A Data Science Framework to Measure Vehicle Miles Traveled by Mode and Purpose

Research Members: Albert Cao, Cristobal Pais

The outbreak of COVID-19 drastically changed people’s mobility patterns and travel behavior in California. Identifying the underlying patterns of these changes within the context of COVID-19 provides insights on designing policies that can help the State reach its 2030 greenhouse emission goals. With the power of anonymized Location-Based Service (LBS) data collected from mobile devices, (1) we found vehicle usage decreased up to 20% more in urban areas than in rural areas because of COVID-19. (2) The number of work commutes decreased 30% more than the number of non-commute trips.

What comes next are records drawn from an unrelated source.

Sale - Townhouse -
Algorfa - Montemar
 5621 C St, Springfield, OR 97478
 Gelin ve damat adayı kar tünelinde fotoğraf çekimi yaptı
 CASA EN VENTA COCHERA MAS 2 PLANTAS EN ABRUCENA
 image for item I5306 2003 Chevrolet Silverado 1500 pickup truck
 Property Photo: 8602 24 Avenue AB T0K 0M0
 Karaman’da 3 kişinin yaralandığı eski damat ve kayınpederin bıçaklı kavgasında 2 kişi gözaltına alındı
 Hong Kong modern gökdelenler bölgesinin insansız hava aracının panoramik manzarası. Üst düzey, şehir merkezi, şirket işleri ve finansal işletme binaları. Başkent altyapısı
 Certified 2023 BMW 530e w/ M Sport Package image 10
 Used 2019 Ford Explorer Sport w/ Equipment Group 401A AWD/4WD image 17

The number of commuting travels we observed in 2022 had not returned to the respective 2019 level, suggesting that remote work had a lasting impact in travel behavior. (3) In the two-week period following the beginning of the lockdown in March 2020, many more people changed residential locations compared to all other periods of observation in 2020. Additionally, we developed an unsupervised mode detection scheme through which we found that the introduction of electric scooters in 2019 in Sacramento decreased the vehicle usage rate.


Marta C. González, Shangqing Cao, Cristobal Pais, Violet Lingenfelter, Ruining Wang, Elouan Pulveric, and Tomas Wenzel. “A Data Science Framework to Measure Vehicle Miles Traveled by Mode and Purpose.” Report to California Air Resources Board Research Division (2024). [Project Page] [PDF]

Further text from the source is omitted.